The WWF and British Antarctic Survey are hoping to track the number of Atlantic and Laptev walruses over five years to find out just how much climate change may be affecting the population, and they're hoping for the public's help. Those who participate in the Walrus From Space project will be tasked with one simple objective: spotting walruses from space.
Satellites will routinely capture photos across Russia, Greenland, Norway and Canada over five years and those photos will then be made available to walrus detectives, who can use their computer to search the high resolution pics for walruses. The public's detective work will be aiding researchers, as well as Artic Indigenous communities and other locals who are working toward the same goal, the WWF said.
All it takes to be a walrus detective is to watch a tutorial online and then take a test that gauges your "walrus identifying" prowess. And kids as young as 10 years old can sign up to help (with adult supervision), the WWF said. The organization hopes that half a million people will join the Walrus From Space effort.
"Walrus are an iconic species of great cultural significance to the people of the Arctic, but climate change is melting their icy home," Rod Downie, chief polar adviser at WWF, said in a statement emailed to NPR. "It's easy to feel powerless in the face of the climate and nature emergency, but this project enables individuals to take action to understand a species threatened by the climate crisis, and to help to safeguard their future."
Climate change has placed the walrus population in harm's way. The Arctic, where these walruses live, is heating up at nearly three times the rate of the rest of the planet, according to the British Antarctic Survey. (As recently as 2014, it was only warming twice as fast.)

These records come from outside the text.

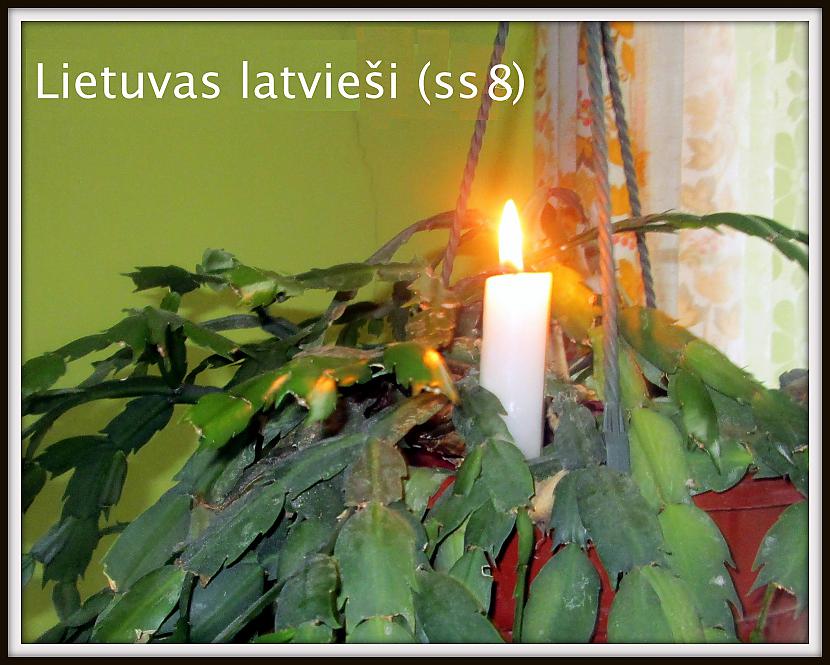  Autors: rasiks Lietuvas latvieši (ss8)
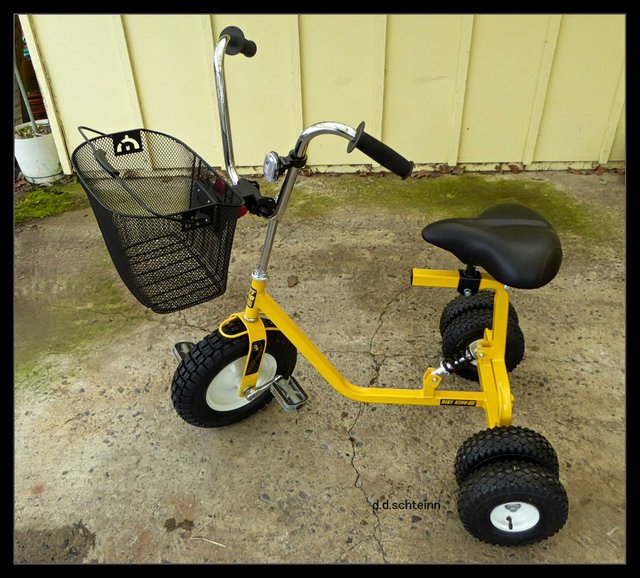 dirt king adult tricycle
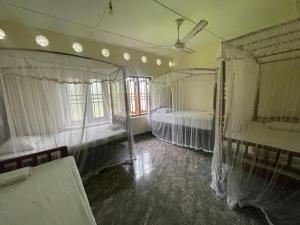 Slow Living Guesthouse and Hostel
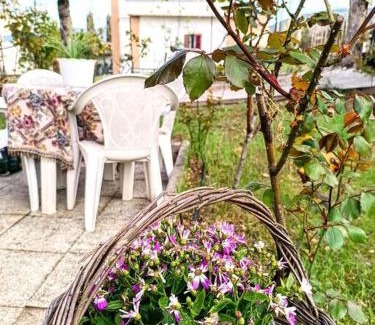 Avezzano Casa | Il giardino delle rose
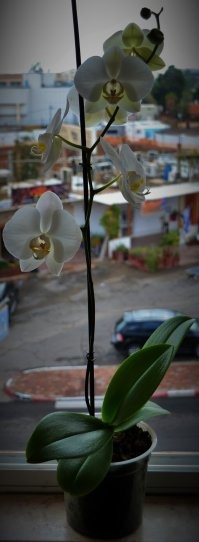 А это мой питомец...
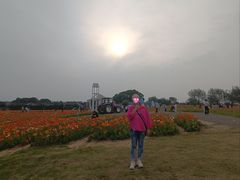 -空港花田景区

One factor to blame is melting snow that disturbs an essential cycle: typically, the sun's light reflects off of the snow, sending that heat back into space and keeping the ground cool, but when the snow and ice melts instead, revealing the ground underneath, that reflecting doesn't happen and the ground begins to instead absorb the heat from the sun, NPR previously reported.
Every decade, around 13% of summer sea ice melts, according to the WWF. With that ice melting, walrus' lives have been made increasingly difficult. Instead of being able to rest on the sea ice (where they also typically give birth to their young), they have to do so on land, which means a longer journey for food and restricted travel overall, the WWF says. Their food itself is also affected, because climate change has made it harder for the marine life they eat, like sea snails, to survive.